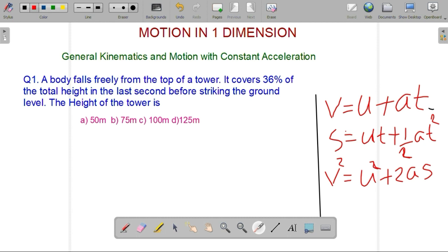We are going to do some super problems based on general kinematics and motion with constant acceleration. We are going to do three formula-based problems covering countless number of problems.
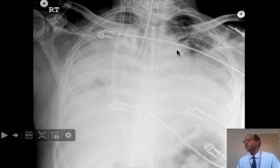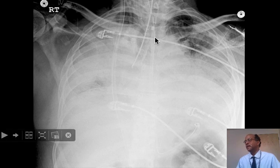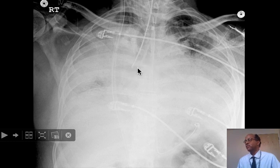Before we can know this, we really need to be able to assess where the carina is. The carina is where the trachea splits into the right and left main stem bronchi. Sometimes it's hard to see, but if we know where to look, we should generally be able to find it. First, we can identify the aortic knob — and the carina is usually just below that level and to the right. So we can suggest that this is the carina, and the tube is in the right main stem bronchus.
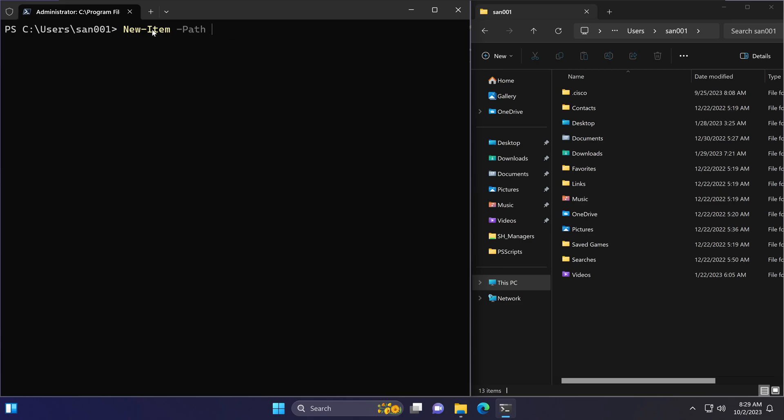For example: Test-Path '.\TestFolder' returns True if the folder exists, and False if it doesn't. You can use this to verify whether files or folders exist before performing any operations on them. This is commonly used with if statements and for loops — if the path exists, run this code; if not, create the folder and then run the code.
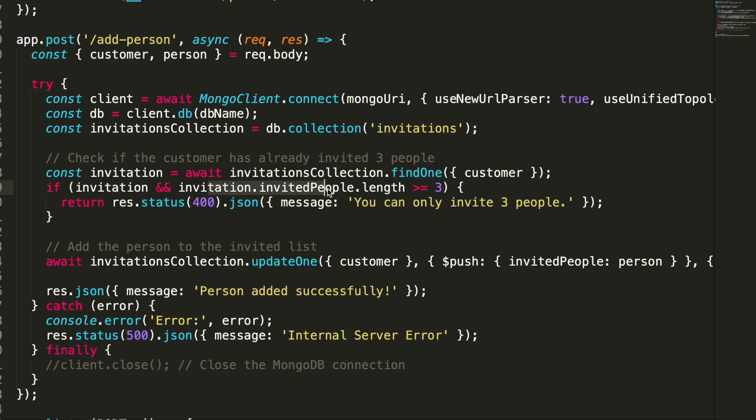Here is the endpoint add person, and here is the business logic. Actually, see here, it is cross-checking if the invited people count is greater than or equal to three. Immediately it will send a 400 status code. And if the count is not greater than or equal to three, then it will go and it will invite people, and it will add that people data to the database. So that is the logic.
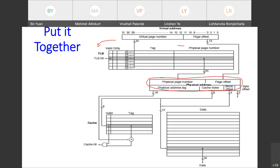Once you have the physical address, you can access the physical memory — it may be a cache or main memory. This picture shows an example with a direct mapping cache. Sometimes the address represents a cache hit; we fetch data from the cache, or it directly accesses main memory. This is the picture when we consider TLB included in the big picture.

▶ [Work required]
Repeat only the lines from the beginning of the material through the line containing "Before we can", both ends kept, leaving pictures out.

▶ [Result below]
We are going to do some super problems based on general kinematics and motion with constant acceleration. We are going to do three formula-based problems covering countless number of problems.
Before we can know this, we really need to be able to assess where the carina is. The carina is where the trachea splits into the right and left main stem bronchi. Sometimes it's hard to see, but if we know where to look, we should generally be able to find it. First, we can identify the aortic knob — and the carina is usually just below that level and to the right. So we can suggest that this is the carina, and the tube is in the right main stem bronchus.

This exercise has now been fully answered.